(Captioned web images)
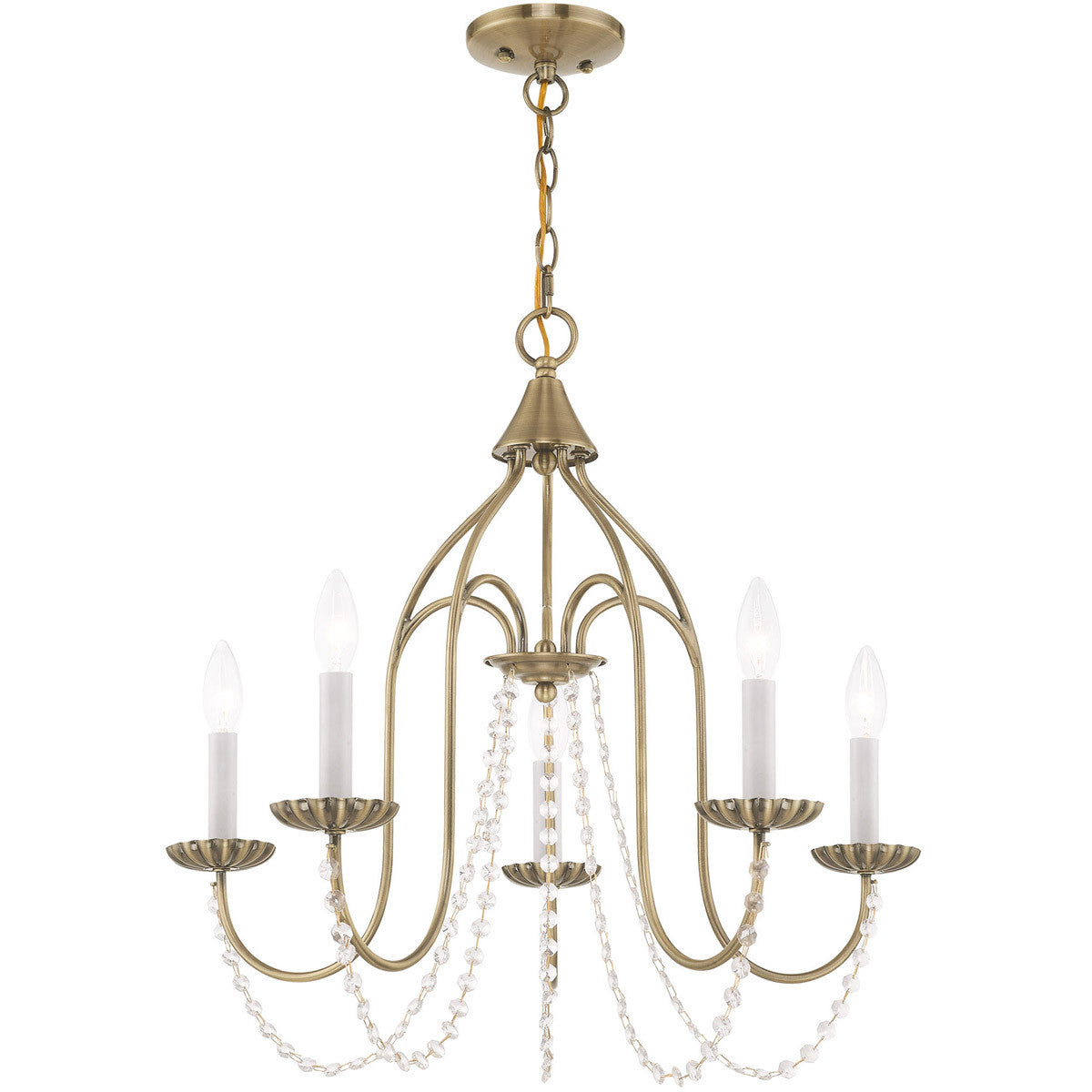Five Light Dimmable Chandelier With Shades Default Title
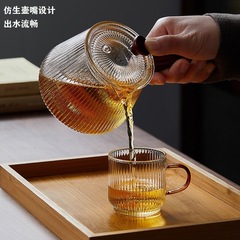 側把泡茶壺耐高溫豎紋加厚玻璃茶壺過濾煮茶器家用電陶爐煮茶壺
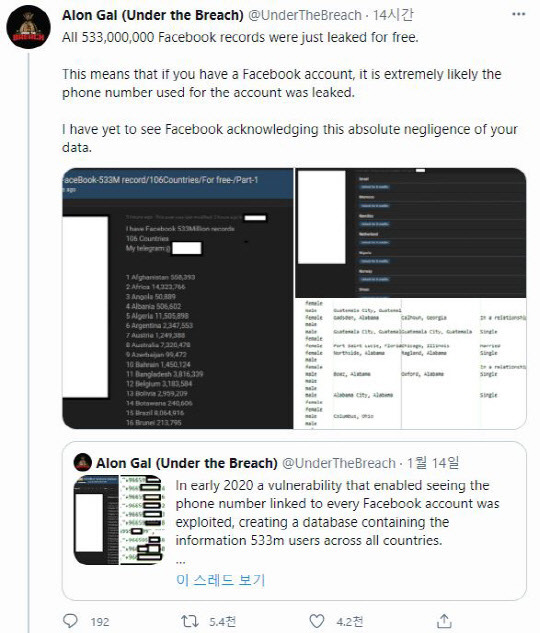 앨런 갤 허드슨록 공동 창업자 겸 CTO(최고기술책임자)가 페이스북 이용자 5억여명의 개인정보가 유출됐다고 폭로했다. 트위터 캡처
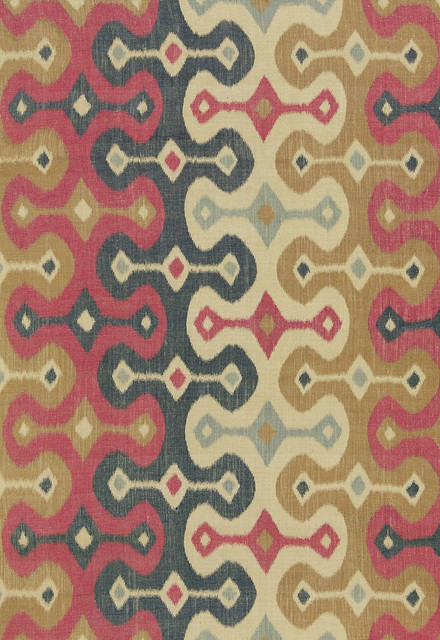 Darya Ikat Spice 174831 by Schumacher Designer Fabric Martyn-Lawrence-Bullard 55% Cotton, 45% Linen Wyzenbeek 20,000 Horizontal: 26.5 and Vertical: 15.25 53 - Swanky Fabrics -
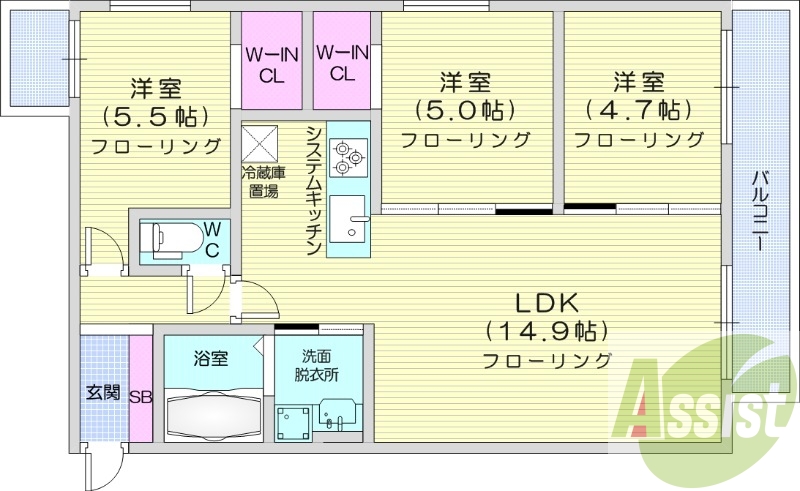 3LDK、エアコン、浴室乾燥機、システムキッチン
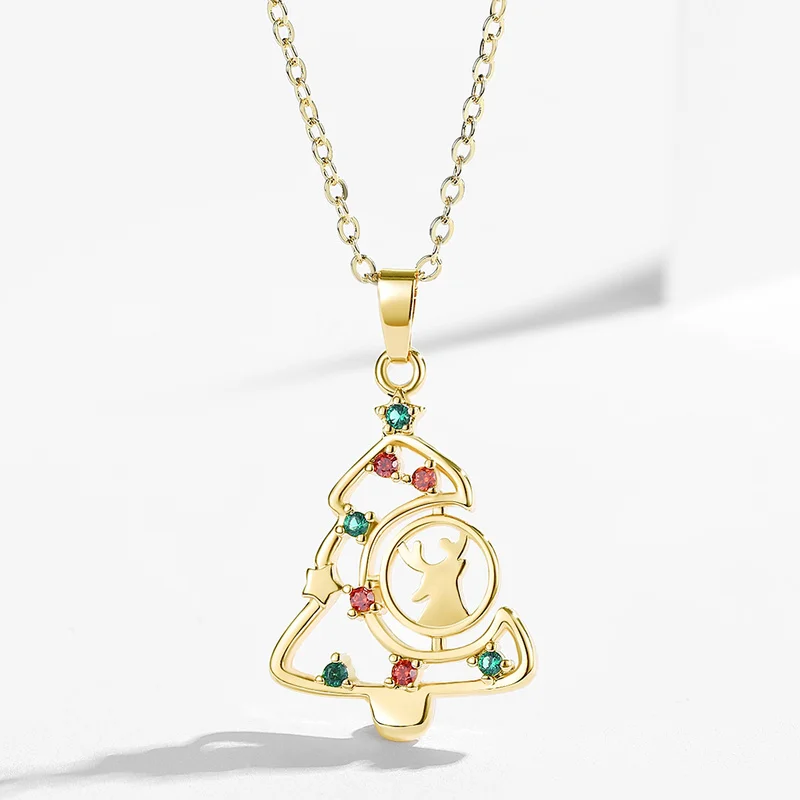 Christmas Tree Elk Pendant Necklaces Colorful Zircon Christmas Festival Necklaces for Women Ladies Anniversary Jewelry Gifts
Christmas Tree Elk Pendant Necklaces Colorful Zircon Christmas Festival Necklaces for Women Ladies Anniversary Jewelry Gifts
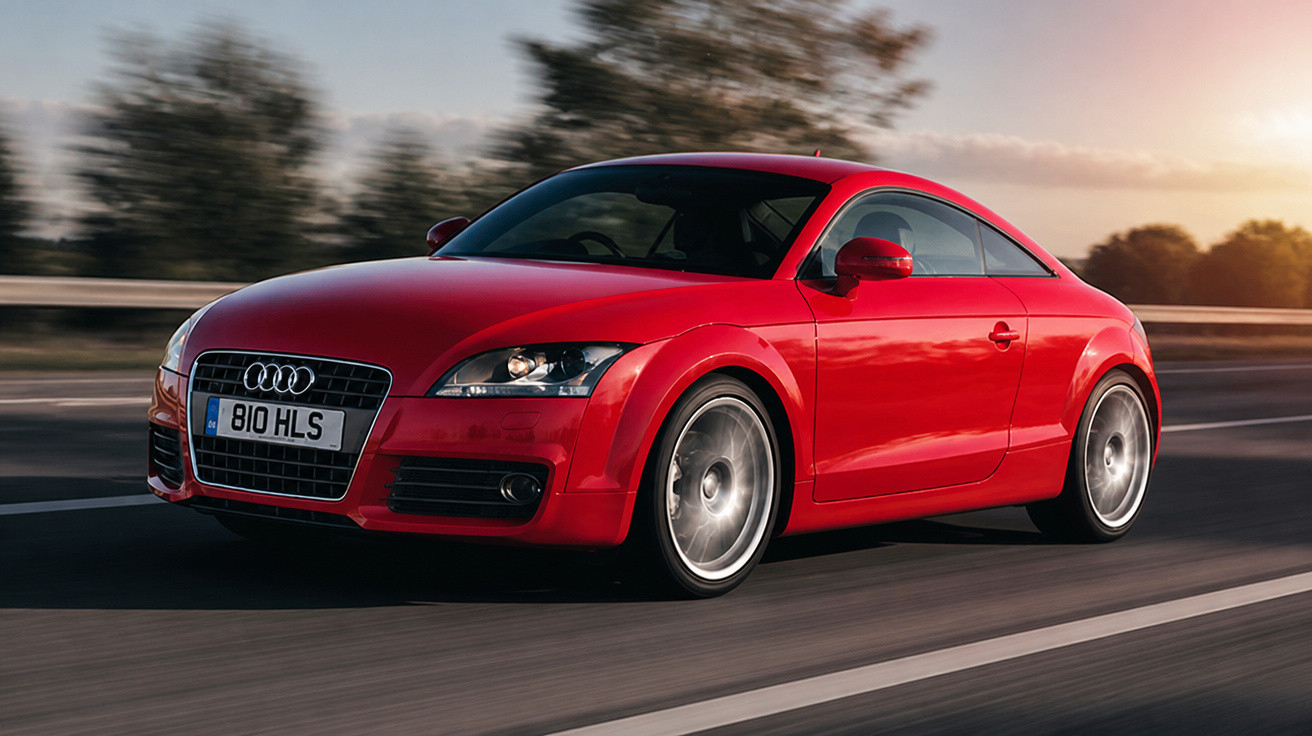 Carro esportivo Audi TT vermelho em alta velocidade na estrada ao pôr do sol.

**WHAT YOU SHOULD DO:** Extract the text of all the records above verbatim, excluding pictures.

**WRITTEN SOLUTION:**
Five Light Dimmable Chandelier With Shades Default Title
 側把泡茶壺耐高溫豎紋加厚玻璃茶壺過濾煮茶器家用電陶爐煮茶壺
 앨런 갤 허드슨록 공동 창업자 겸 CTO(최고기술책임자)가 페이스북 이용자 5억여명의 개인정보가 유출됐다고 폭로했다. 트위터 캡처
 Darya Ikat Spice 174831 by Schumacher Designer Fabric Martyn-Lawrence-Bullard 55% Cotton, 45% Linen Wyzenbeek 20,000 Horizontal: 26.5 and Vertical: 15.25 53 - Swanky Fabrics -
 3LDK、エアコン、浴室乾燥機、システムキッチン
 Christmas Tree Elk Pendant Necklaces Colorful Zircon Christmas Festival Necklaces for Women Ladies Anniversary Jewelry Gifts
Christmas Tree Elk Pendant Necklaces Colorful Zircon Christmas Festival Necklaces for Women Ladies Anniversary Jewelry Gifts
 Carro esportivo Audi TT vermelho em alta velocidade na estrada ao pôr do sol.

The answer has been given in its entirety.